# 24" T-Track (2 pack) Brand: HOT FAVORABLE



## Peteybadboy (Jan 23, 2013)

Thanks for posting. That is a good price


----------



## LittleBlackDuck (Feb 26, 2016)

They look similar to *Rockler* at a better price… and the *Rockler* is more versatile than the *Incra* or *Kreg* t-tracks… so yeah, good value…

Thanks for posting.


----------



## Buck_Thorne (Jun 20, 2015)

They sure stock a strange assortment of other goodies!

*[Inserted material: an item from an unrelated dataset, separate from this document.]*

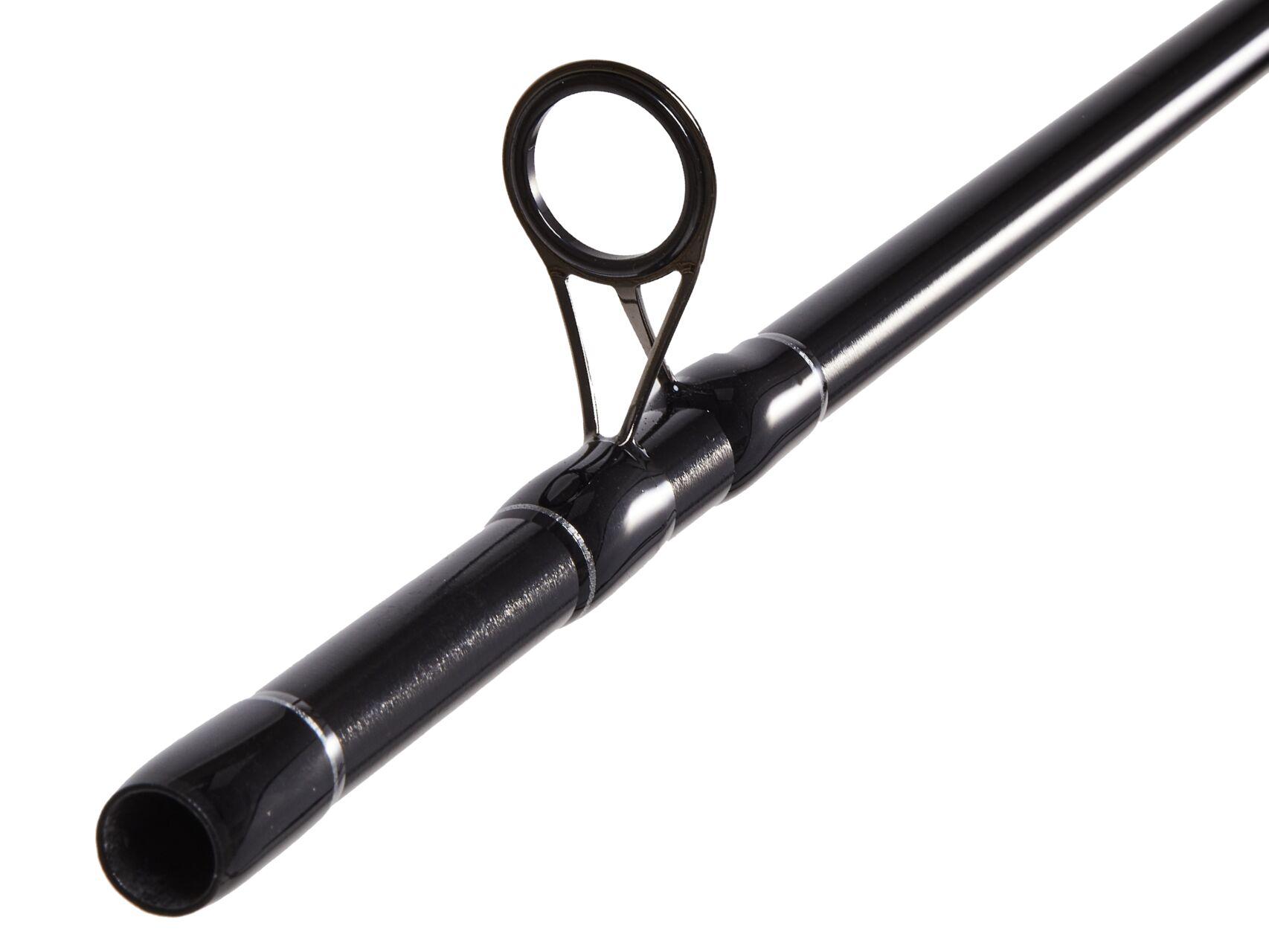 Вудилище фідер. Salmo SNIPER FEEDER TRAVEL 90 90/3.60 (3 tips), фото 4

https://www.amazon.com/s?k=Hot+Favorable&ref=bl_dp_s_web_0


----------



## Fallon (Nov 1, 2009)

> They sure stock a strange assortment of other goodies!
> 
> https://www.amazon.com/s?k=Hot+Favorable&ref=bl_dp_s_web_0
> 
> - Buck_Thorne


lol, you can say that again. That's just odd. Most importers usually have a common target market or common manufacturing method. Really random.


----------



## LittleBlackDuck (Feb 26, 2016)

> They sure stock a strange assortment of other goodies!
> 
> https://www.amazon.com/s?k=Hot+Favorable&ref=bl_dp_s_web_0
> 
> ...


*Sucks!*... They sell 40V batteries for 1/3 the cost (in Australia) and *don't* ship to Australia…


----------



## Mike_in_STL (Dec 8, 2016)

Nice! Another source for T Track….but they got a lot of other stuff for sure!


----------



## Arcola60 (Nov 16, 2011)

I ordered a pair of 48" pieces. They came in 2 days, free shipping!
Very nice, thank you for sharing.


----------